It’s time we evolve our security systems from submissive observers to practical responders.
So, what about Industries thriving in the L&D and Assessment Domain?
This time, we folks from L&D and Performance Assessment started early, and we found these newer technologies to be the game changers. The tech and operational nuances were discussed and strategized at all levels. Every stakeholder agreed that maintaining the security of online learning, online tests, online exams, and online assessments is vital for operations. Security plays a big role in ensuring accurate measurement, but it also protects the organization’s intellectual property and brand integrity.

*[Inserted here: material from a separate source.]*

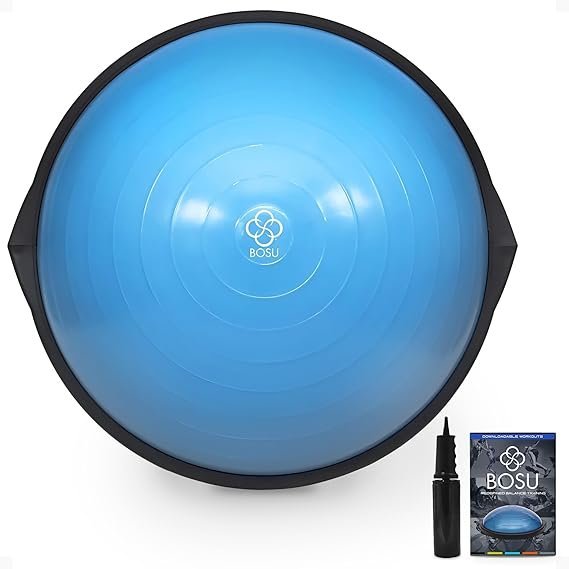 71ep0FOyOBL._AC_SX569_.jpg Bosu Balance Ball Exercise Trainer, Home Gym Equipment w/Guided Workouts & Pump, 26″ Inflatable Fitness Platform for Strength Training, Standing, Balancing, and Core Workout - Image 1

Implementing new-age security systems ensures that the outcomes produced by Learning and Assessment systems are fair, reliable, and valid. It also endorses that any credential, certification, license, or qualification has been achieved honestly.
Stakes are really high, and L&D teams are seriously looking for partners who can help them with their queries. Let me share a gist of common queries from the industry.

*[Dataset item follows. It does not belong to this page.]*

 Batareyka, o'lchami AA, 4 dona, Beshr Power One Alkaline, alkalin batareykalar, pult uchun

Almost all of them wanted to know about new developments to ensure test security, for example, detecting any test misconduct. Around 80 percent of the people were worried about how to validate a test taker and ensure uniformity across remote and in-person testing. There were some queries on operational aspects like, “How to prevent a test taker from sharing test items or forms online?” and “What type of secure online remote tests, exams, and assessments are used in education?”

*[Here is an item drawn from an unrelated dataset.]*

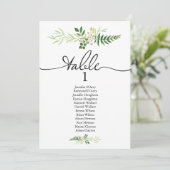 Greenery single bruiloft seating chart, modern fon kaart (Staand voorkant)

In addition to these, there were some strong queries on policy implementation, such as “Preparation and communication of a strong test security policy,” “Need of a standard guideline document on security measures on how to prevent misconduct on test day,” and “A list of secure testing measures that I can use during test design and development.”
But the question that is echoing everywhere is, “How can AI help students and teachers with assessment?
In the end, Test and Assessment is all about “conduct” and “misconduct.” However, the fear of misconduct shows its veracity. There are various forms of misconduct, such as getting an illegal copy of content before a test, copying answers from another test taker, or using someone else to take the test. There are many other examples. Imagine a scenario where a hacker uses generative AI tools to make apps that search the internet and create fake profiles of the targets. They can make fake websites that trick people into giving their credentials or make many websites with small differences from the others, increasing their chances of bypassing network security tools. Think about the impact of this on a University where Digital learning and assessment are at risk. All the data and processes are vulnerable.
That’s scary! You need to stay safe out there!
Technology providers should address these challenges by preventing and outpacing fraudulent practices and ensure the validity of services administered by addressing security risks and threats.
So the question is, “How are we exploring Security Measures in E-Assessment?”
My Journey with Security
It’s almost 25 years since I got exposed to security. It might look outdated, but revisiting it with the present-day context might help connect the dots.
My first exposure to the term security dates back to 1996, when I was advised, “Never permit the undeserving to acquire unexpected advantage. This will reduce vulnerability or hostile acts and enhance freedom of action for the deserving ones.” Getting exposure to the Reveal-Secret-Security philosophy was an eye-opener, and it helped me immensely to carry out the operations that looked vulnerable.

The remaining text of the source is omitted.